К тому же роман в «Короле утопленников» есть, и целых 14 штук. Вот один из них, под номером 2, полностью:
Я роман о лучах, возбуждающих неутолимый голод. Облученный закармливает себя чем попало до смерти. Террористы направляют эти лучи на известных, точнее, «влиятельных» людей и сначала губят их имидж, разум, а потом и саму их жизнь уничтожают. Лучи неутолимого голода идут из аппарата-булимитора. Это устройство, впитывающее в себя голод четырнадцати тысяч, ежедневно умирающих на Земле от истощения. В итоге для элиты на всякий случай публичное и отвратительное обжорство становится светской нормой, чтобы облученные не отличались внешне от нормальных и чувствовали себя полноценными в последние дни своей жизни. Со спортивной стройностью покончено. В моде накладные животы и даже щеки с искусственно вкачанным человечьим жиром. Солидарность с гибнущими выражается в непрерывной трапезе вместе с ними. «За одним столом» — примерное название.
Разве можно отказать этой «романной миниатюре» в авторитаризме?
Стало быть, формально книгу Цветкова вполне можно назвать традиционной, и переставь автор свои миниатюры в произвольном порядке, читатель вряд ли бы перемену слагаемых заметил.
Иначе обстоит дело с содержанием. Тут авторские претензии ощущаются ярче. Известно, что реализм время от времени приедается и читателям, и писателям, и появляются произведения, призванные его «преодолеть». Это происходит не только во время социальных перемен, войн или революций, но и в периоды их ожидания, когда кажется, что старый добрый реализм уже не способен адекватно выразить общественные умонастроения. Тогда и звучат заявления о смерти реализма, о приходе чего-то принципиально нового, абсурдизма, например. Но стоит общественному порядку начать восстанавливаться, как реализм снова в моде.
Тексты Цветкова – абсурдистские, герои его рассказов ведут себя так, что грань между здравомыслием и безумием, сном и явью исчезает бесследно. Иной раз в дело идет и чистая фантастика, как в заглавном тексте книги – в «Короле утопленников». Главный герой, о существовании которого читатель судит только по репликам других героев, не только создает подводное королевство, обитателями которого становятся утопленники, но и намеревается растопить антарктические льды, превратив Землю в сплошной океан.

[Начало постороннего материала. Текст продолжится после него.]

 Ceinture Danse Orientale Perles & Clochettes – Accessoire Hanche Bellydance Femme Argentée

Фантазия Цветкова безгранична, миры в его «миниатюрах» парадоксальны. Однако у такого рода литературы есть одна характерная черта, из-за которой она, по-моему, довольно быстро теряет читательский к себе интерес. Это почти тотальная неразличимость героев. Например, как в романе «Змеесос» Егора Радова, писавшего в похожей эстетике. Хор героев поет:
Женей Коваленко стал Артем Фесенко
Читатель же любит не только безудержную игру фантазии, но и процесс куда более увлекательный – сопоставлять себя с тем или иным героем, сопереживать и негодовать, любить и презирать. Наверное, поэтому, реализм неизменно возвращает свои, казалось бы навсегда утраченные позиции.

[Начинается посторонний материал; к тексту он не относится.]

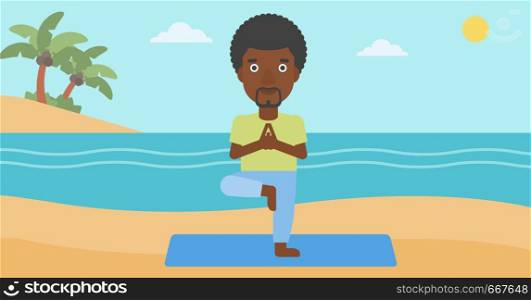 An african-american man standing in yoga tree pose on the beach vector flat design illustration. Horizontal layout.. Man practicing yoga.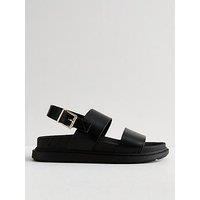 New Look Wide Fit Black Leather-Look 2 Part Chunky Sandals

Можно восхищаться фантазией Цветкова, его неожиданным сравнениям, игрой смыслов, но сопереживать его героям почти невозможно.

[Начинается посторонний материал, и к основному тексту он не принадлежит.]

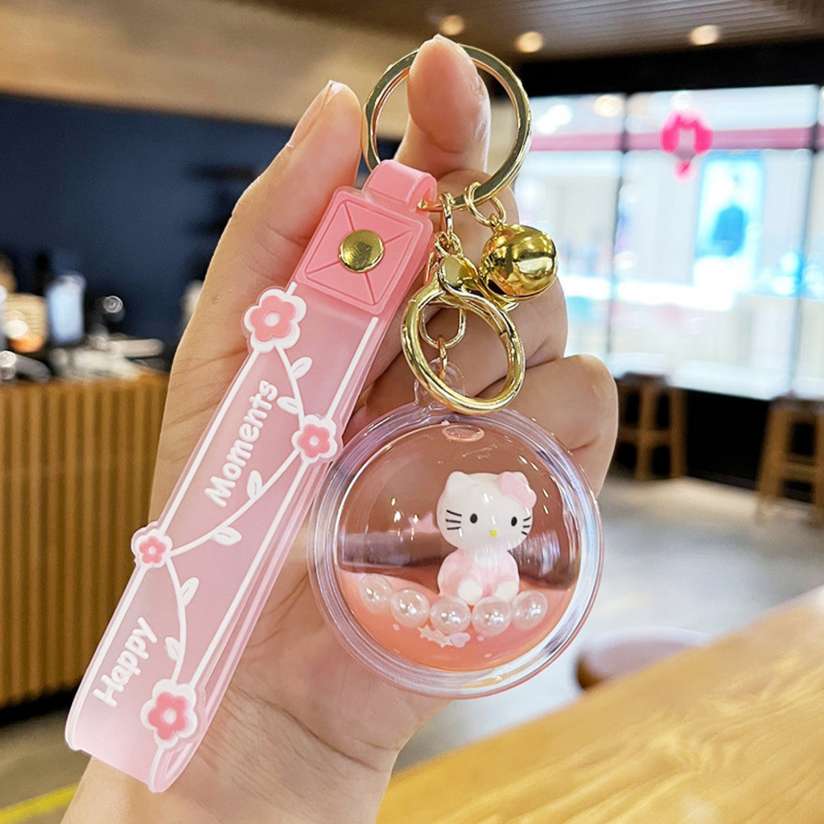 Cute Pink Round Keychain with Happy Moments Strap and Adorable Charm Key  Chain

Сам писатель, кажется, этим не слишком озабочен. Переживать он призывает в реальной, а не в вымышленной жизни. Вот его слова, сказанные после победы в премии «НОС»: Деньги я, конечно, потрачу на подготовку новой революции в России. Зачем они еще? Каждая премия или любое поощрение со стороны институций должны делать меня более критически настроенным как к конкретной системе, так и к капитализму вообще, чтобы ни у меня, ни у моих товарищей не возникало этого двусмысленного ощущения примирения к действительности.
К счастью, к творчеству Алексей Цветкова-младшего, эта позиция отношения не имеет.